Activity ::
With the pictures omitted, set down exactly the lines from the one that contains "Item preview, Red" through the last line of the data.

Information given ::
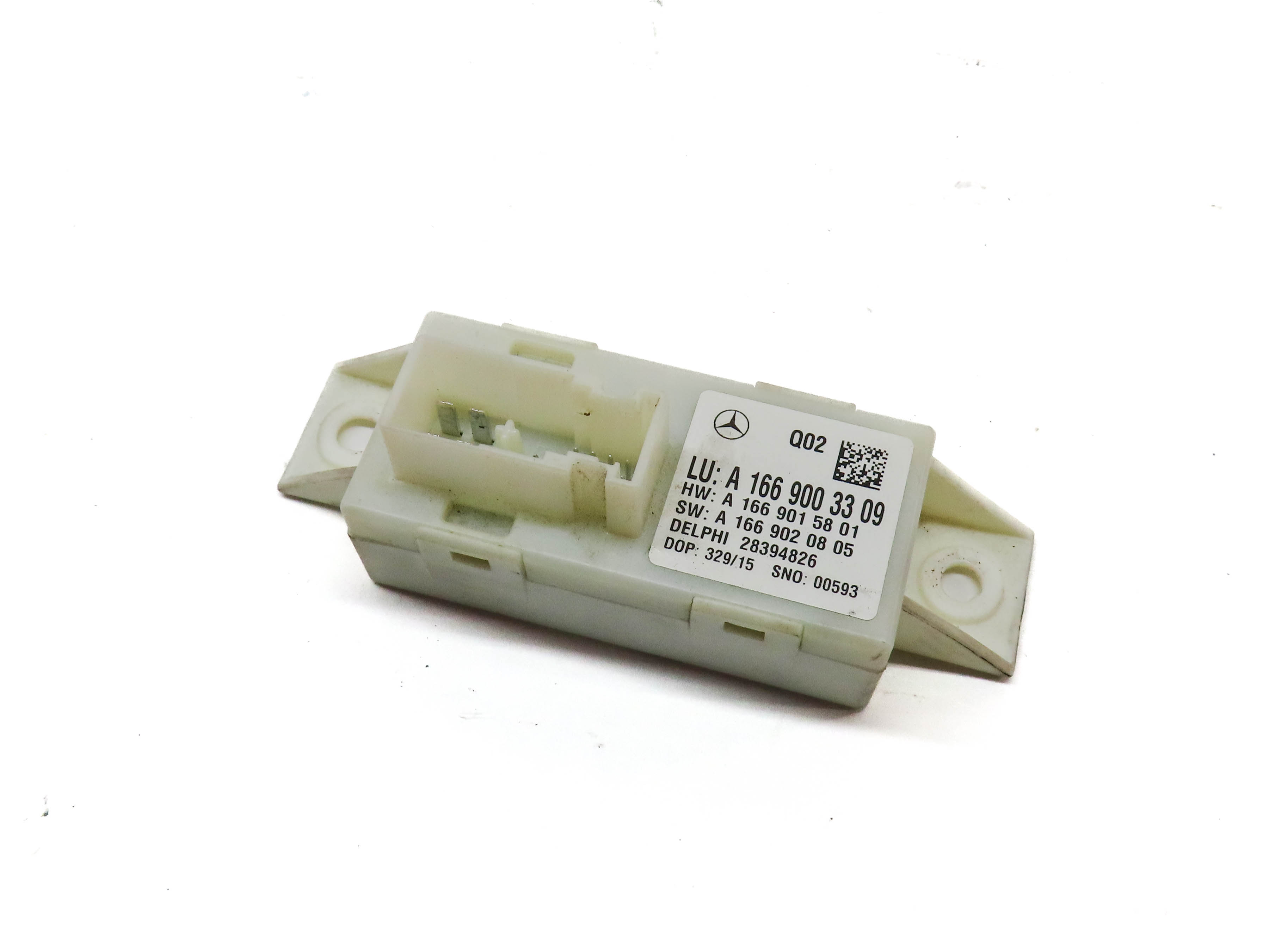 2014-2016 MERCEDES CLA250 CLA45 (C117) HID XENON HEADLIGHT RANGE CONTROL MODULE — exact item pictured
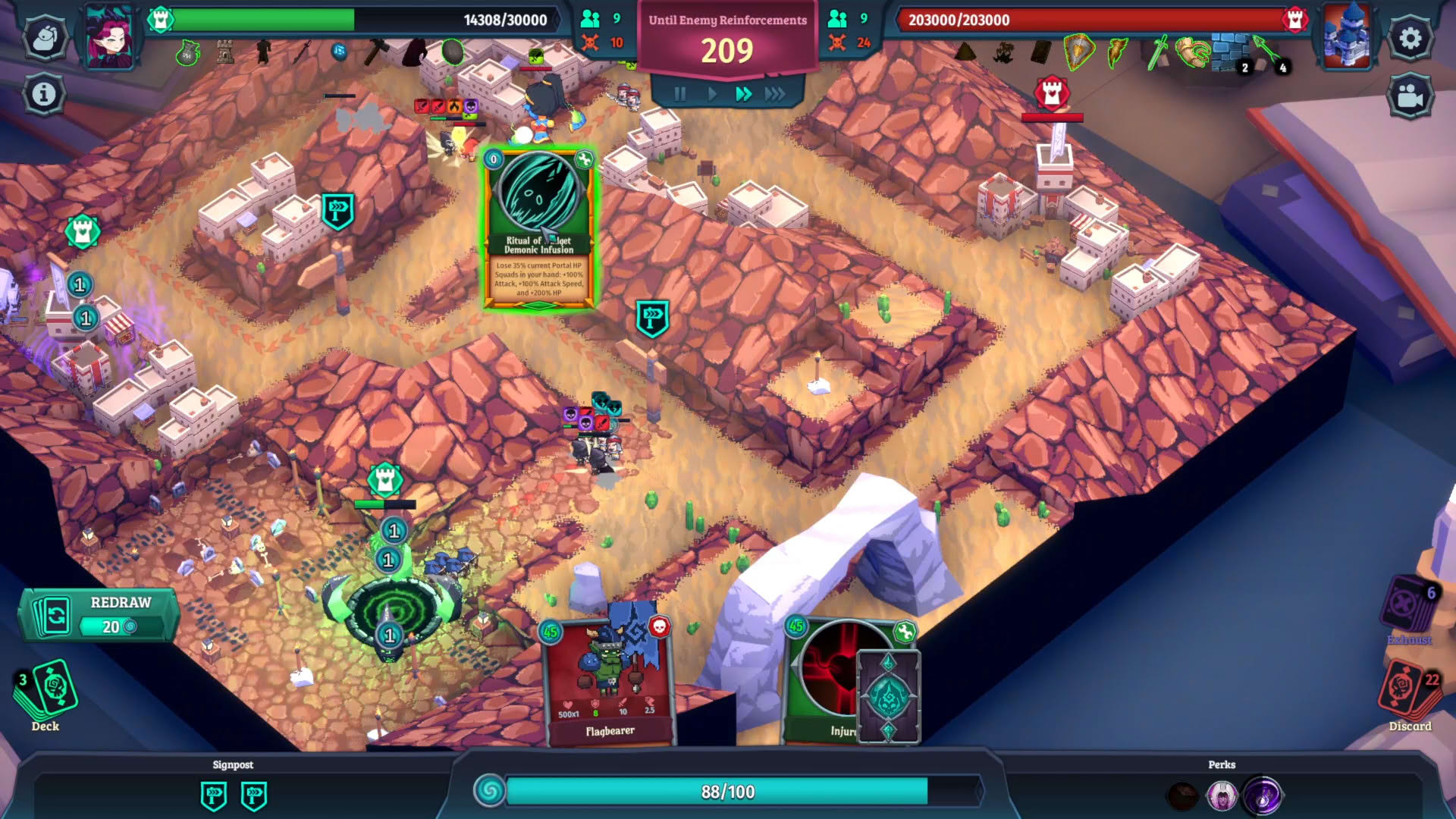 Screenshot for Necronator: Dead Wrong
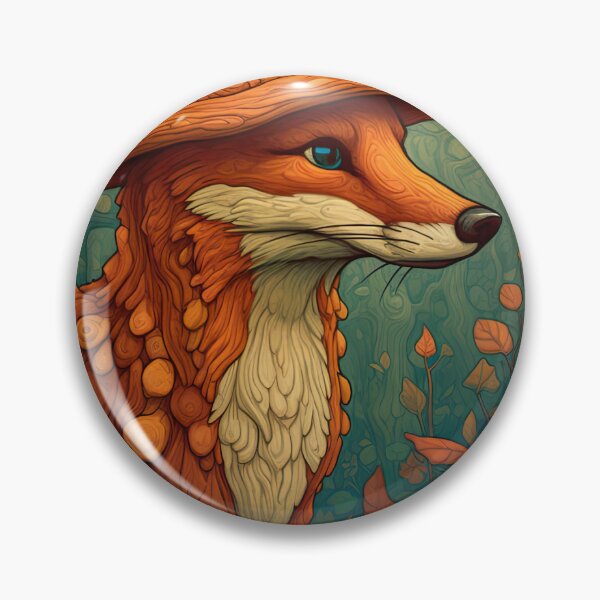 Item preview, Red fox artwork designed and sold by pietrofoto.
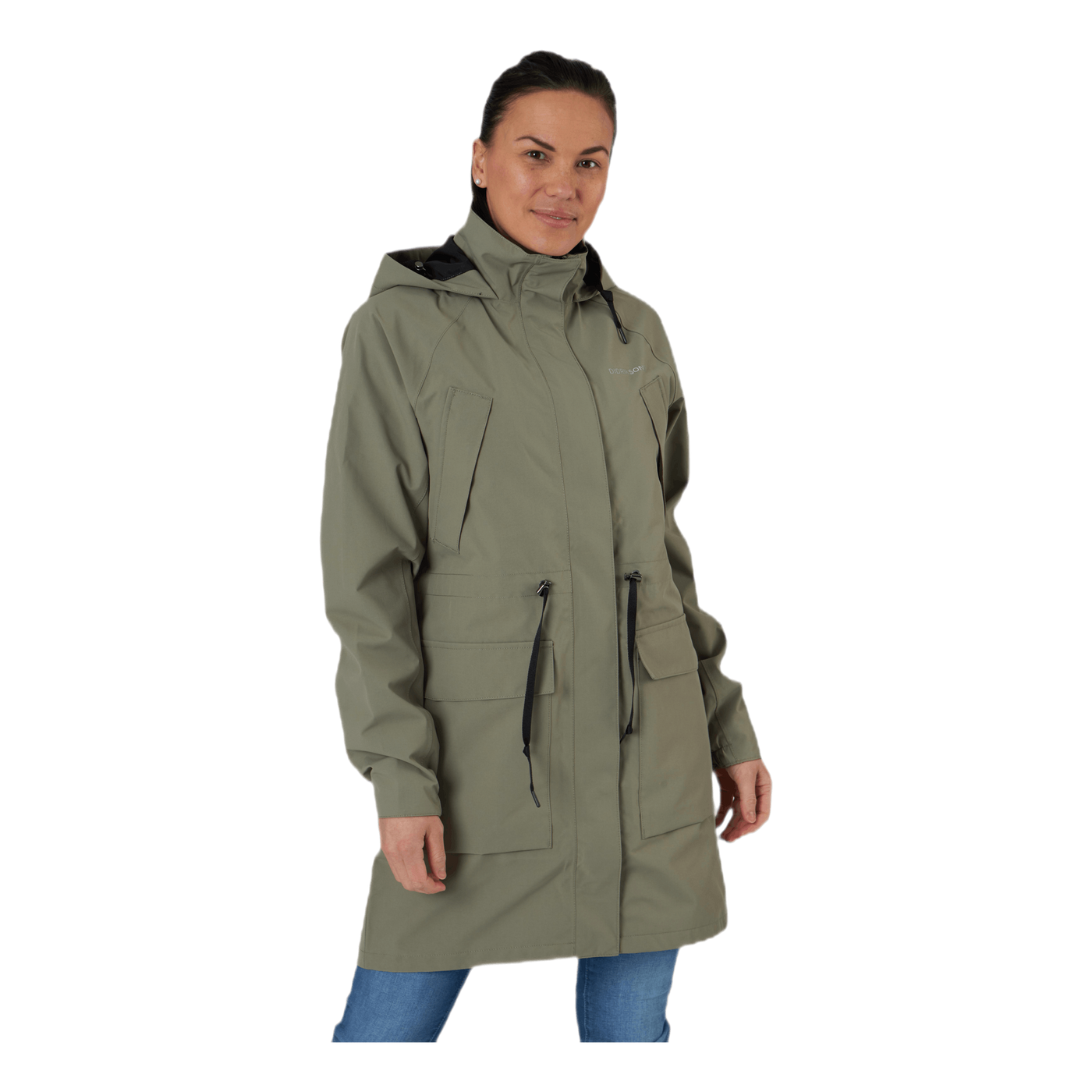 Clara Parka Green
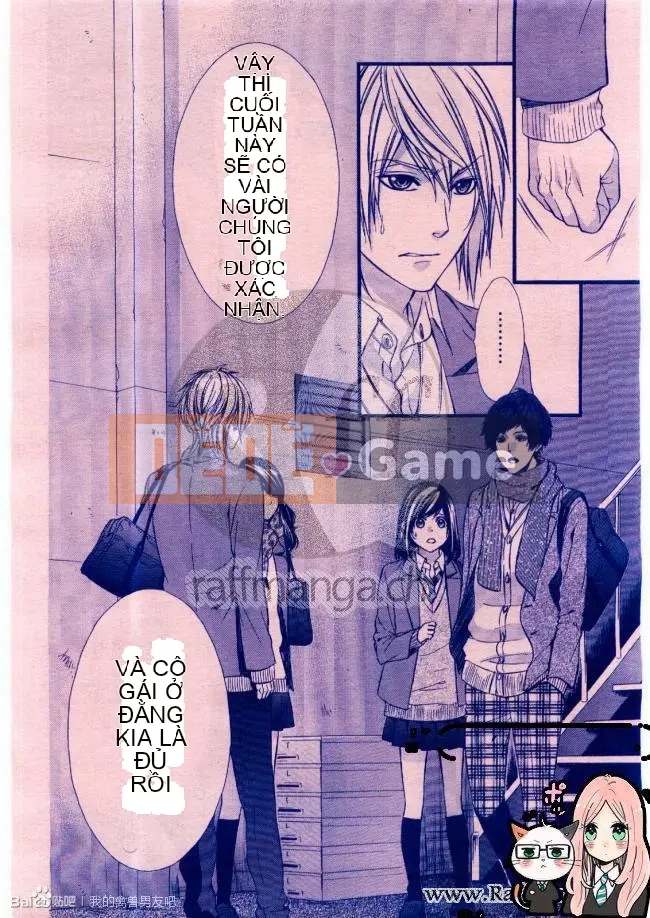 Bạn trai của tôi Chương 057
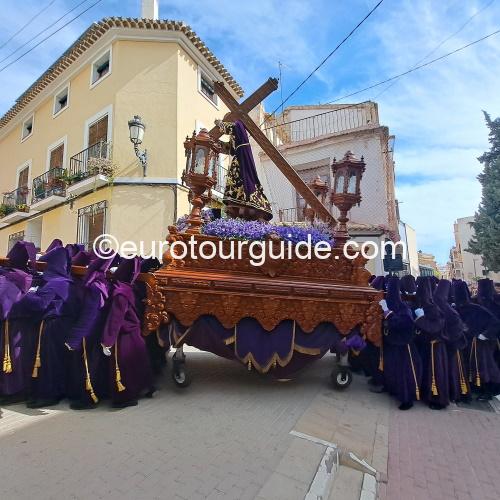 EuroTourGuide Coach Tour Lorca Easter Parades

Reply ::
 Item preview, Red fox artwork designed and sold by pietrofoto.
 Clara Parka Green
 Bạn trai của tôi Chương 057
 EuroTourGuide Coach Tour Lorca Easter Parades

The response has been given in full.